I really try not to blog about the sad state of newspapers often, because it's so incredibly depressing to me, and newspaper bankruptcies, fire sales and closings are coming so fast these days that it would soon become monotonous. Besides, I know none of you care that much. You're reading a blog, after all, not a newspaper.
But I've been a newspaperman most of my life. Reading the paper was a big part of my daily routine. It's where I first discovered comix. It was the old cliche scenario: the young twerp spread out on the living room floor with the Sunday Comics section before him, reading every one. Even Dondi. I formed my own neighborhood newspaper. Wrote every article (top story: Backderf kid has street's largest Hot Wheels collection) and filled it, of course, with comix. I worked on the school paper in high school. Then for The Lantern at Ohio State, where I attended on a journalism scholarship, and launched my career. By that time, I read five or six papers a day.

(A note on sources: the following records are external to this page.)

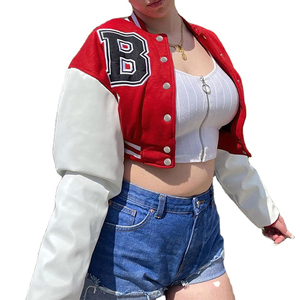 เสื้อแจ็คเก็ตวาร์ซิตี้สำหรับฤดูใบไม้ร่วงและฤดูหนาว เสื้อเบสบอลแบบ Letterman เสื้อโค้ทผู้หญิง ผ้าขนสัตว์ หนัง แจ็คเก็ตวาร์ซิตี้แบบสั้น - Product Image 5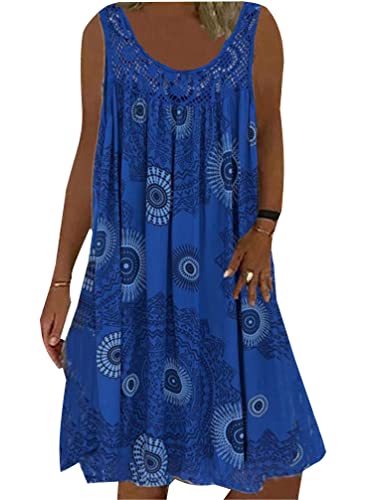 Minetom Sommerkleid Damen Rundhals Spitze Druck Strandkleid A-Linie Kleid Knielang Tunika Kleider Ärmellos T-Shirt Kleid A Blau XXL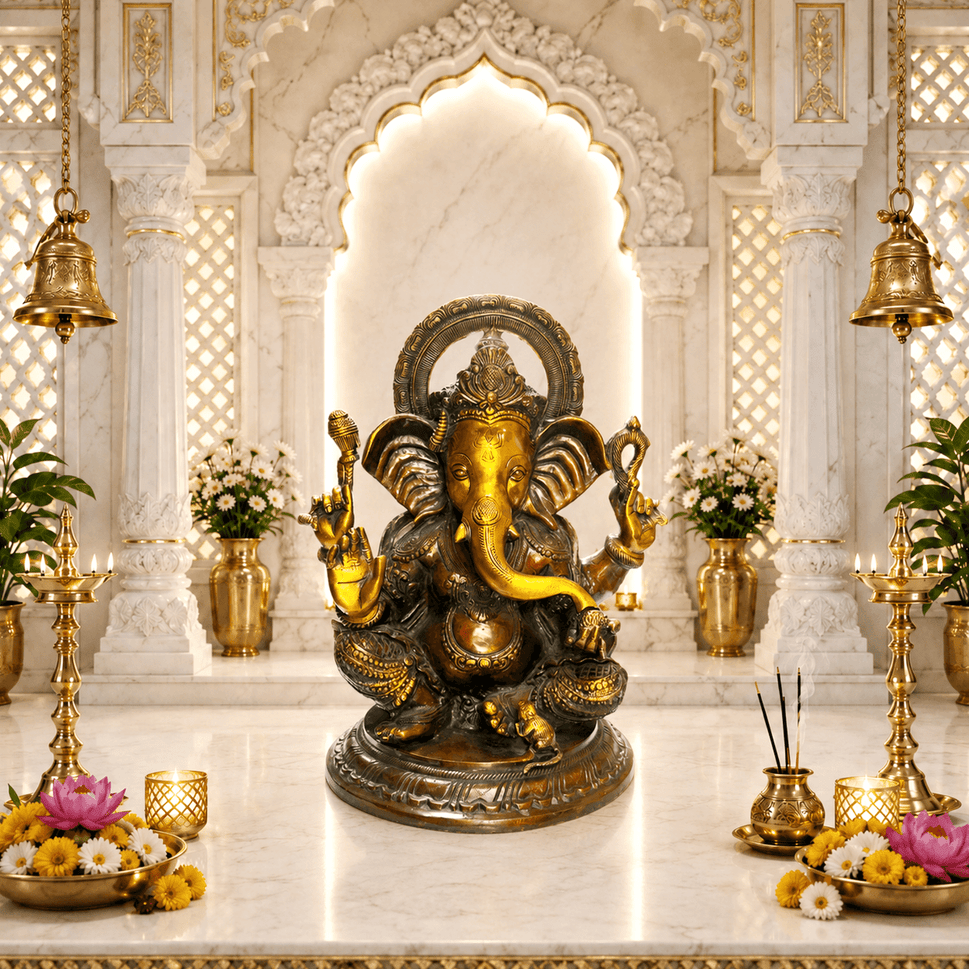 Royal Sitting Ganesha Idol With Antique Brass Finish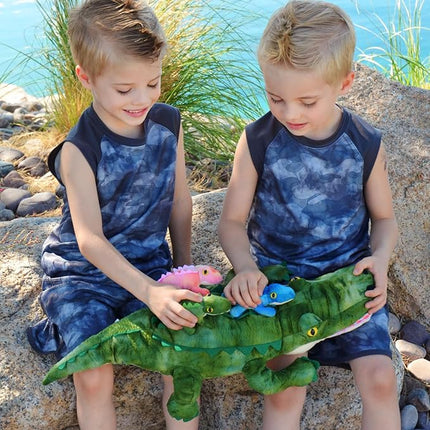 MorisMos Plush Alligator Stuffed Animal with Babies,23.6'' Mommy Stuffed Alligator with 3 Baby Crocodile Animals & 3 Plush Eggs,Lifelike Crocodile Toys for Kid 3-5 Birthday Decor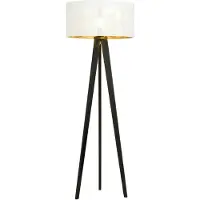 Emibig Stehlampe , 1xE27, 60W, Modell ASTON LP1, Farbe: Weiß/Gold, Artikelnummer: 1147/LP1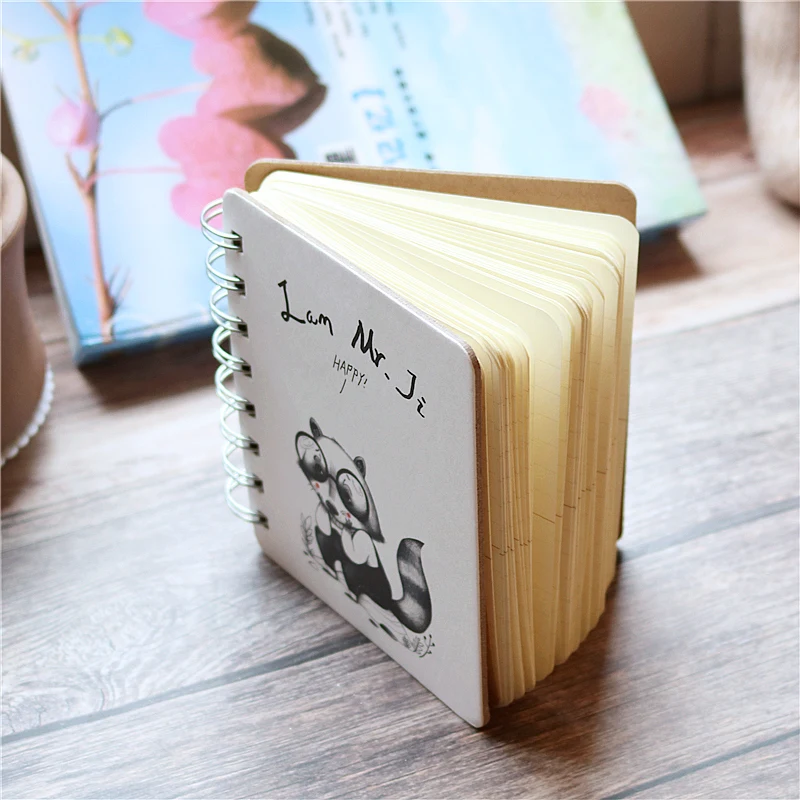 A7 Cute little animal notebook Hard surface iron ring hand holding portable notepad Student notebook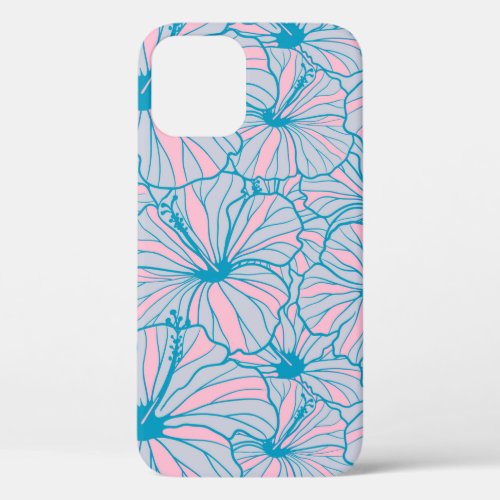 Elegant Tropical Blue Floral Hibiscus Pattern  iPhone 12 Pro Case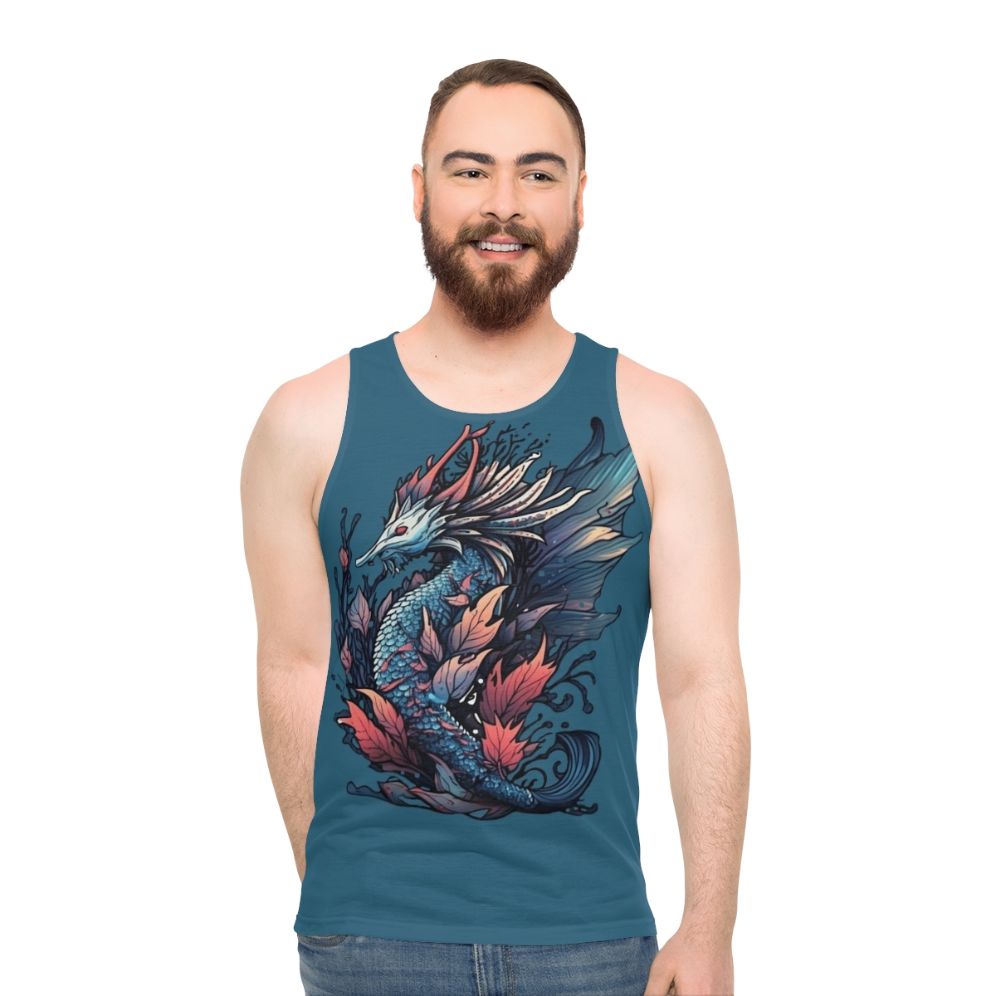 Unisex tank top featuring a design of mythical creatures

I'm not a newspaperman any more. Papers have no use for me or what I do. That's ok. Given their sorry state, to be blunt, I've outgrown them. But I still lament their passing. We're losing something important here. In a few years, when you get all your news from Nancy Grace rants and Buzzfeed slideshows, you'll understand what.
Young cartoonist twerp (right) in The Evening Times newsroom, 1985. |
Cartoon for the Plain Dealer, 1987. |
Staff of the Akron beacon Journal in 1988, just before they won another Pulitzer.
This is about half the newsroom, not including those who were out on
assignment or the large night staff.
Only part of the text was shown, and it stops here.